Discover more from Generational
Future Unicorn #228: OneSchema
The Quild Future Unicorn is a weekly product-focused note highlighting one early-stage startup with statistically significant signals of becoming a unicorn.
OneSchema is an embeddable spreadsheet importer and validator. Product and engineering teams use OneSchema to avoid the costly and complicated process of building and maintaining spreadsheet import. Designed for businesses of all sizes, OneSchema empowers product and engineering teams to launch beautiful, performant, fully customized spreadsheet importers in hours, not months.
Andrew was an engineer at Affinity (3+ yrs)
Top company alumni
Christina was a product manager at Google (4 yrs)
General Catalyst led seed
Sequoia Capital participated in seed
Box Group participated in seed
Top university alumni
Christina graduated from Stanford University (BS)

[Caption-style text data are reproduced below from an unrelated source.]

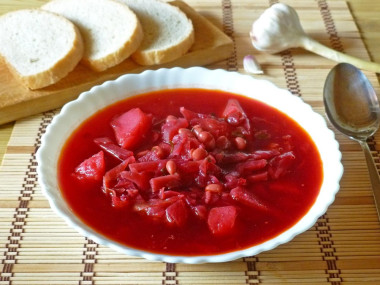 Борщ с консервированной фасолью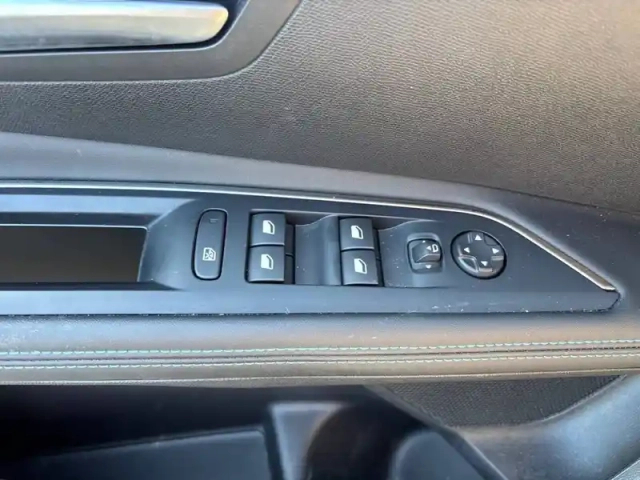 Peugeot 5008 puretech 130ch s&amp;s eat8 — photo 18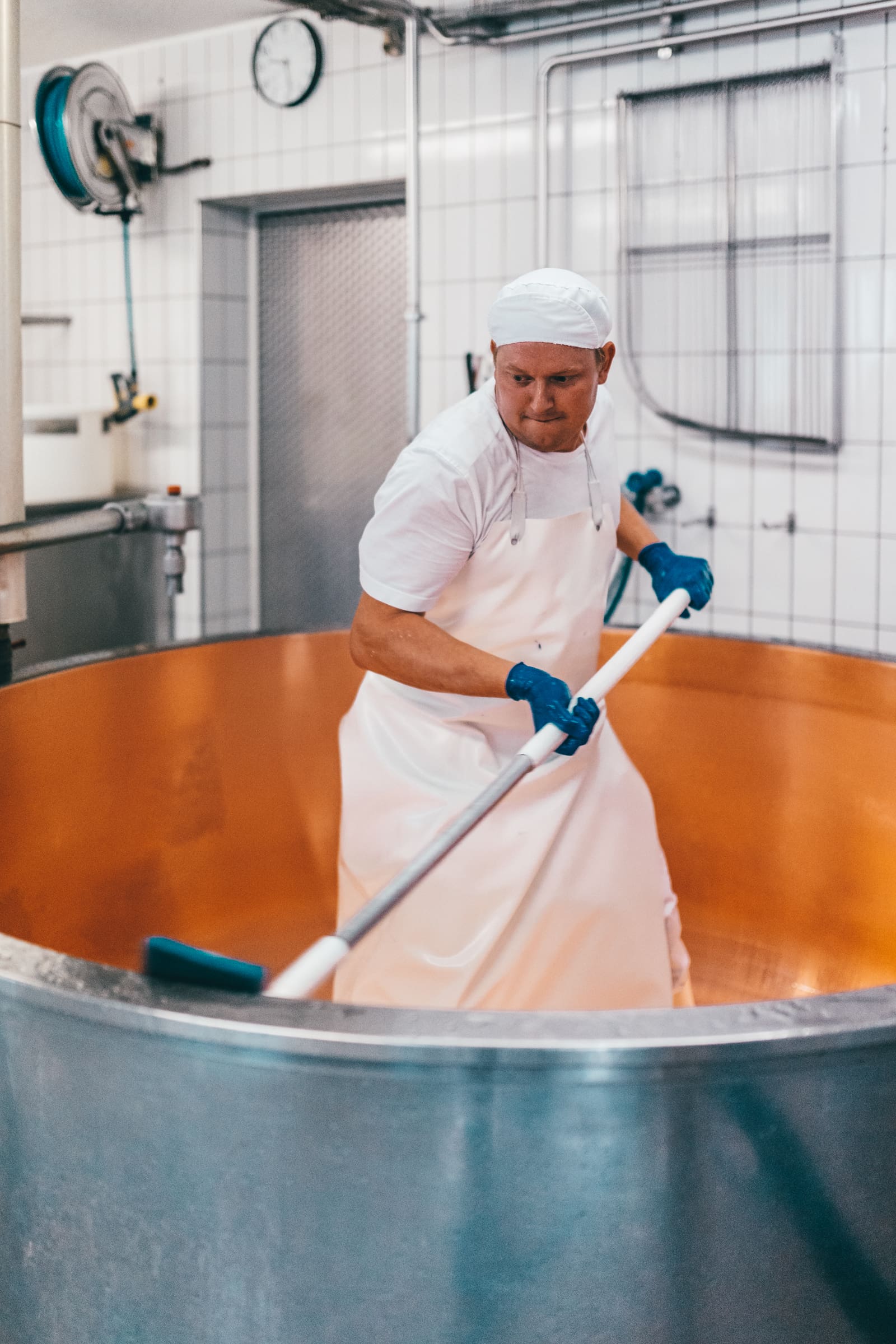 Ama Voralberg 132 | Wenn ein Gericht unter dem Motto 'Käse' steht, dann sind es wohl die Käsespätzle! Ein Gericht, das wir beide so gerne essen, in Vorarlberg wieder entdeckt, alle Utensilien aus Österreich mitgebracht und nun endlich ein Rezept für euch auf dem Blog haben - oh Happy Day! Käsespätzle sind ein Traditionsgericht in Vorarlberg und wie ihr wisst, lieben wir Klassiker und Traditionen. Typisch für Gerichte mit wenigen Zutaten gilt es auch hier, auf die Qualität der Zutaten zu achten, denn das macht es am Ende zu einem perfekten Erlebnis. Dank des Vorarlberger Bergkäses g.U. von Alma sind wir da ja bestens ausgerüstet!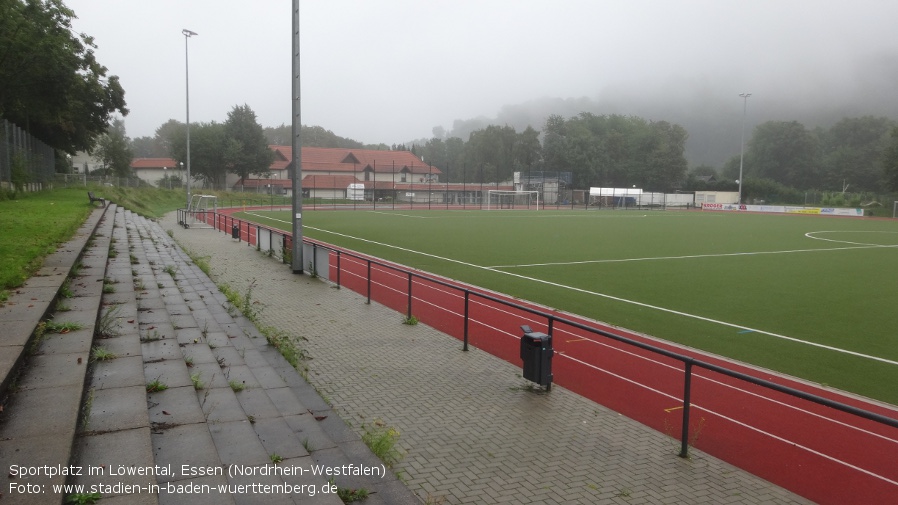 Essen, Sportplatz im Löwental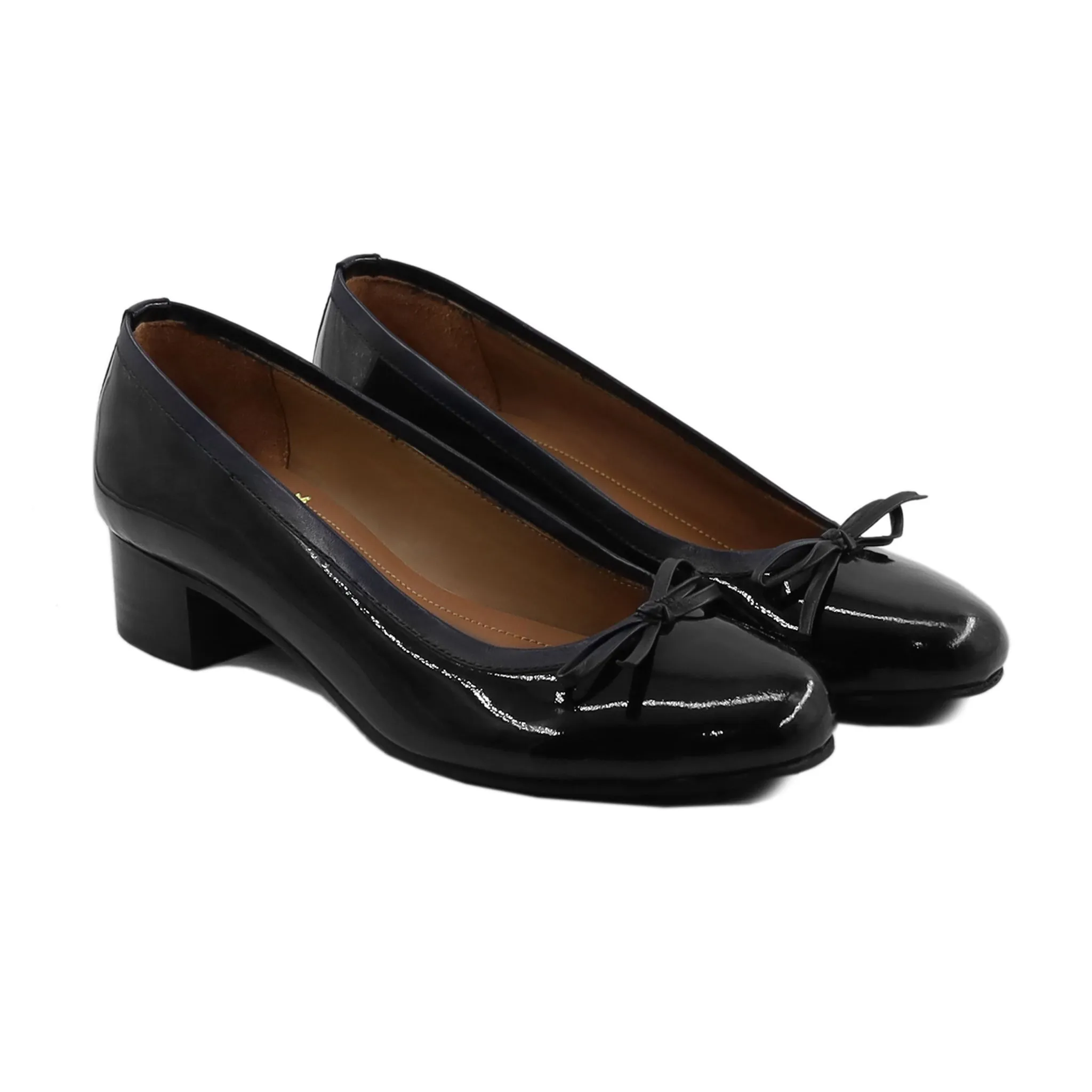 Taiga - Ladies Black Patent Leather Heel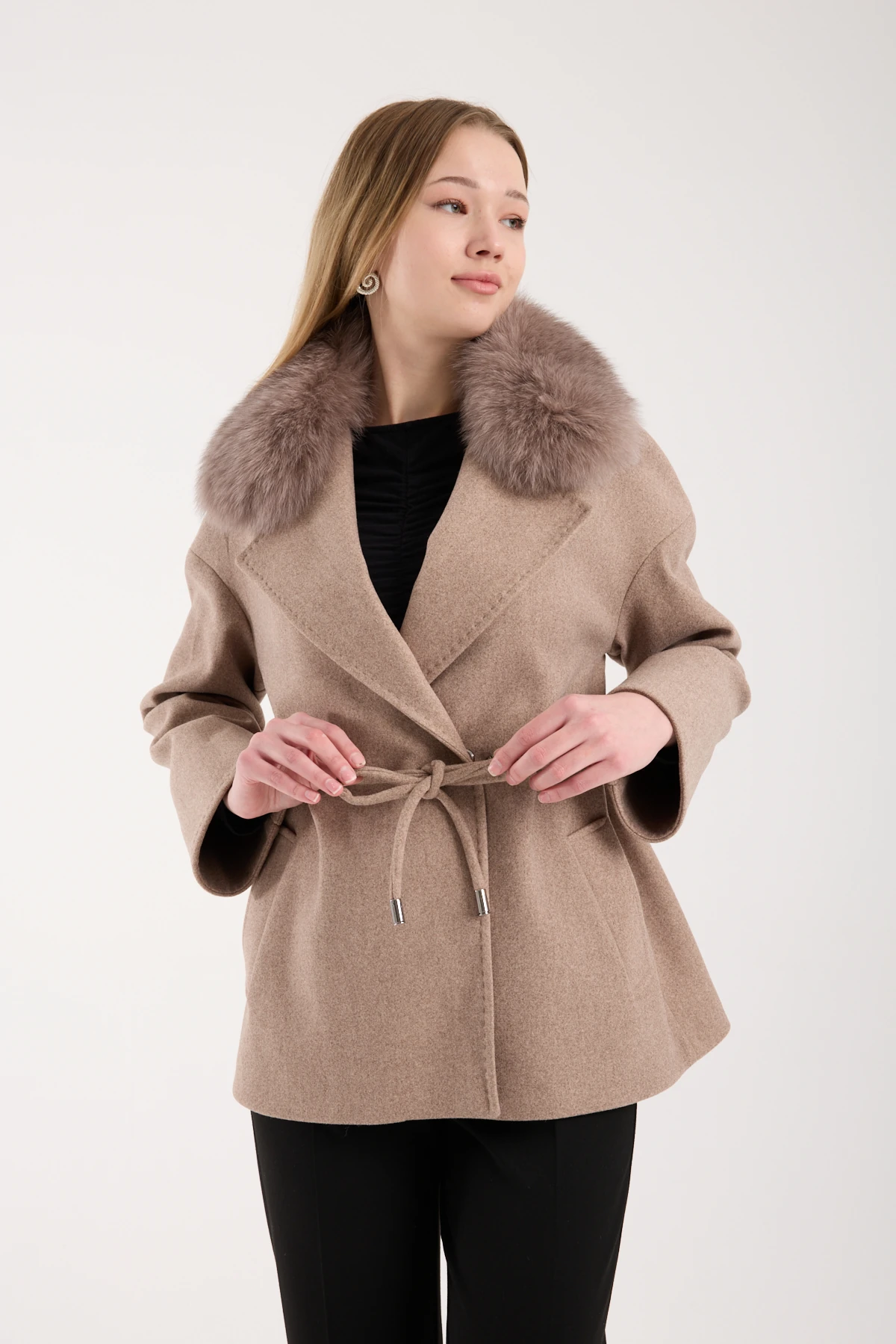 VİZON KÜRKLÜ TAŞ DETAYLI KISA MONT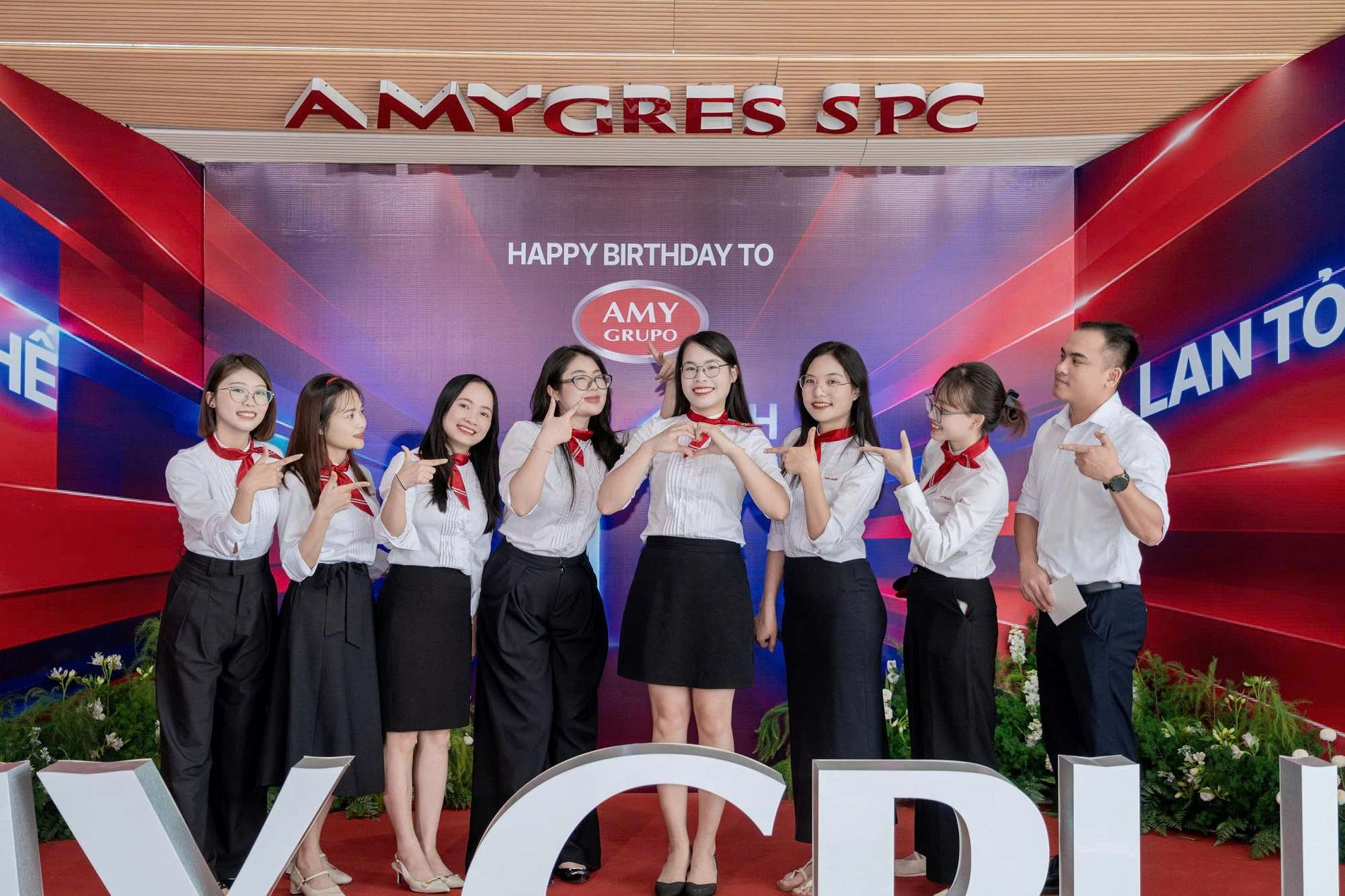 happy-birthday-amy-grupo-11-years-vuon-tam-vi-the-lan-toa-thanh-cong-1.jpg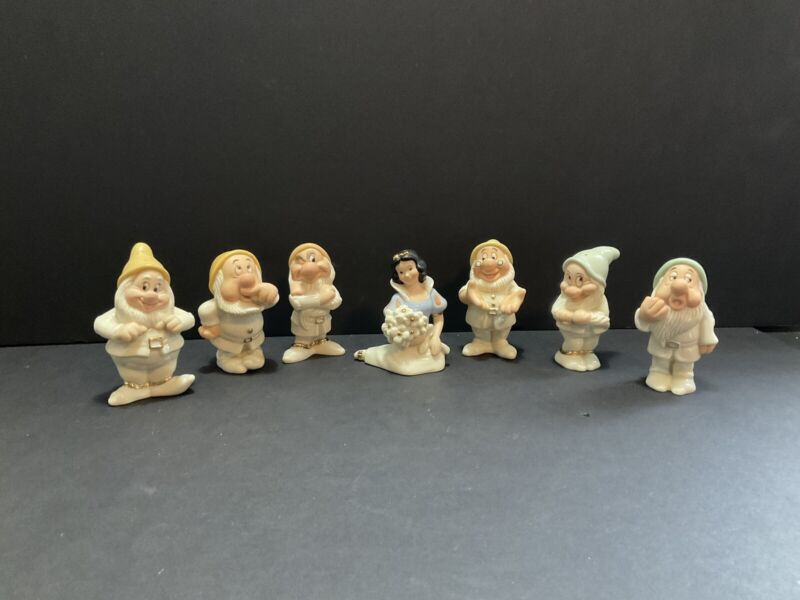 Lot Of 7 Disney Lenox Snow White & Seven Dwarfs Salt & Pepper Shakers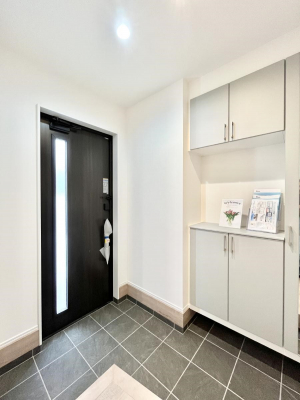 ց@KXXbg̓փhAɌ͂Ă܂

Andrew graduated from Stanford University (BS)
Embeddable spreadsheet importer
Pain point and persona
Underlying every SaaS product are data models to support basic functions from user registration to do the doings it was built for (a Digitally Baffled reference). For example, a CRM needs the data fields account name, creation and close dates, assigned account manager, and many more. An HRIS needs employee name, date of birth, SSN, bank account number, any many more. Developers build the data models and its relationship to each other - like the chart below for Salesforce's Sales Cloud.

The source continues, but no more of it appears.